(Short web captions)
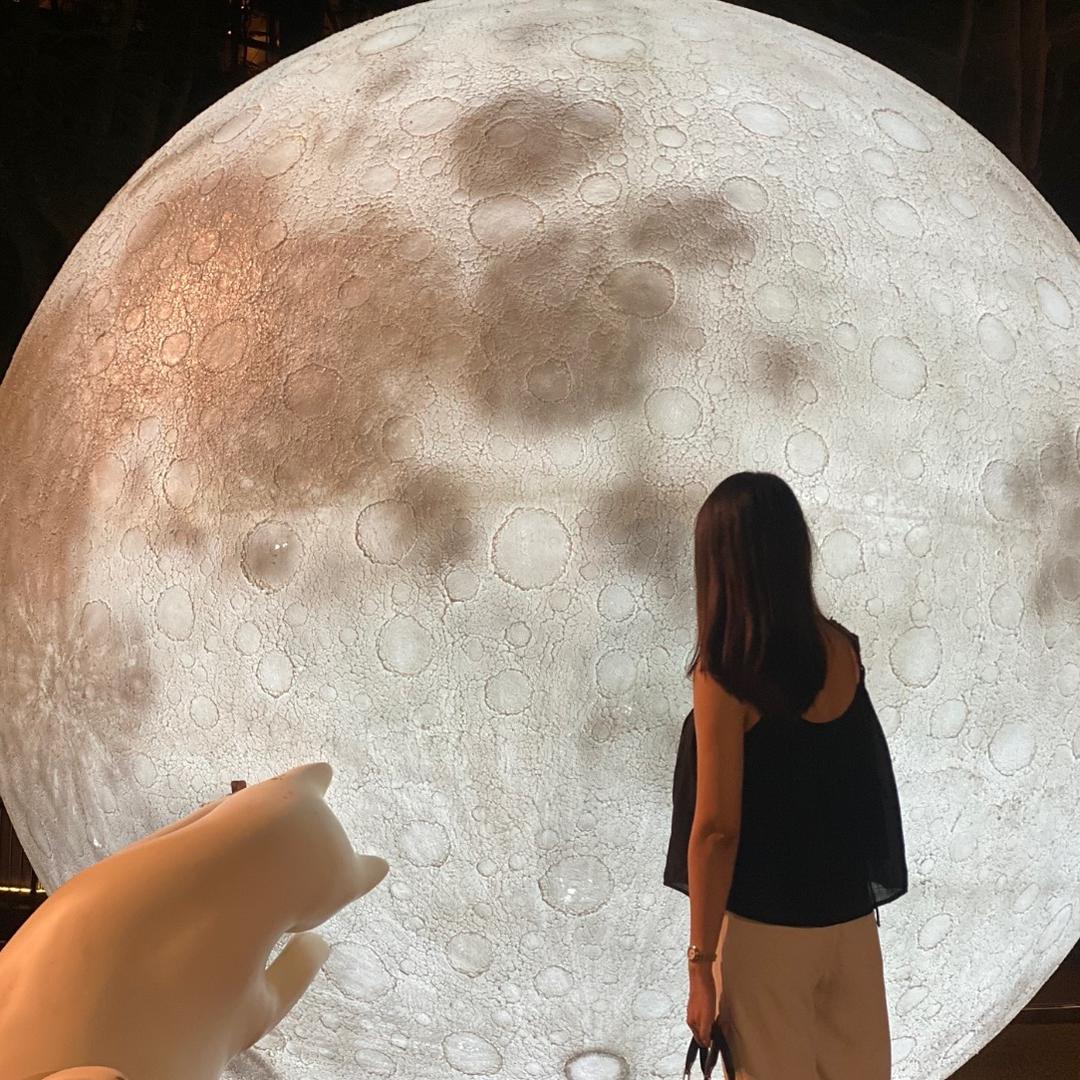 好运小肥柴头像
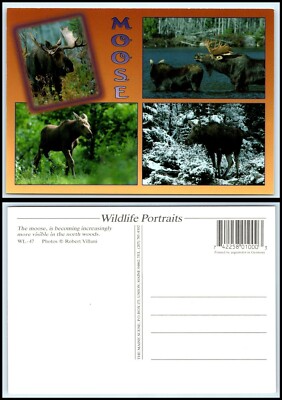 Vintage ANIMAL Postcard - Moose Views GG4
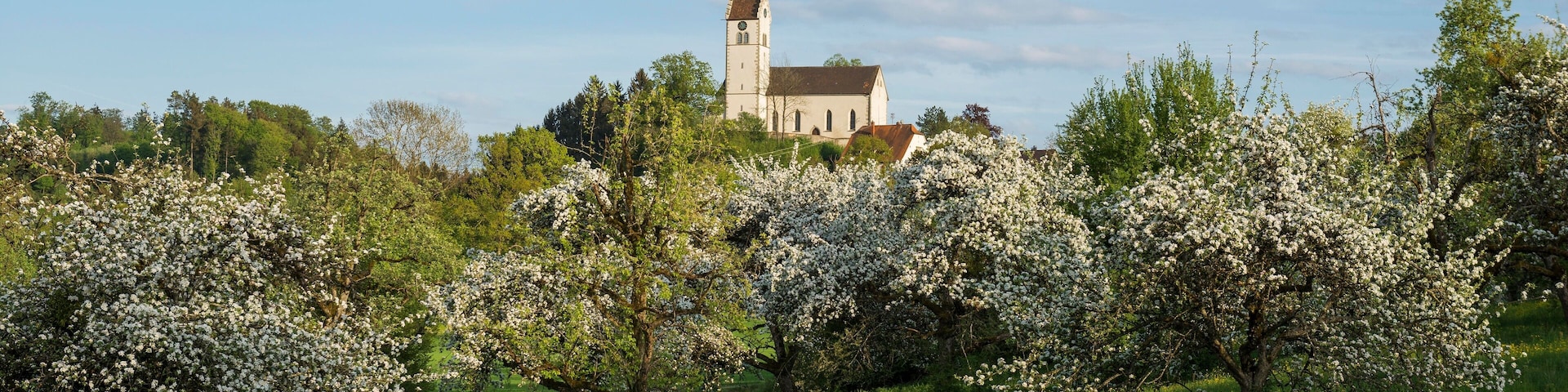 Una iglesia rodeada de árboles florecientes en un campo cubierto de hierba.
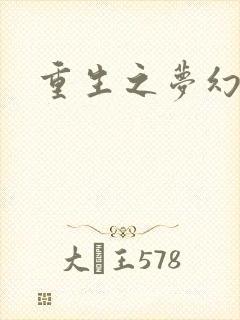 重生之梦幻年代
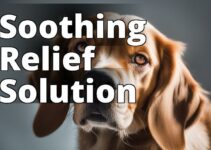 The Ultimate Guide To Cbd Oil Benefits For Hot Spots In Dogs: Say Goodbye To Irritation!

**About this exercise:** Here the job is to repeat the entries verbatim while leaving all pictures out.

**Answer to this problem:**
 好运小肥柴头像
 Vintage ANIMAL Postcard - Moose Views GG4
 Una iglesia rodeada de árboles florecientes en un campo cubierto de hierba.
 重生之梦幻年代
 The Ultimate Guide To Cbd Oil Benefits For Hot Spots In Dogs: Say Goodbye To Irritation!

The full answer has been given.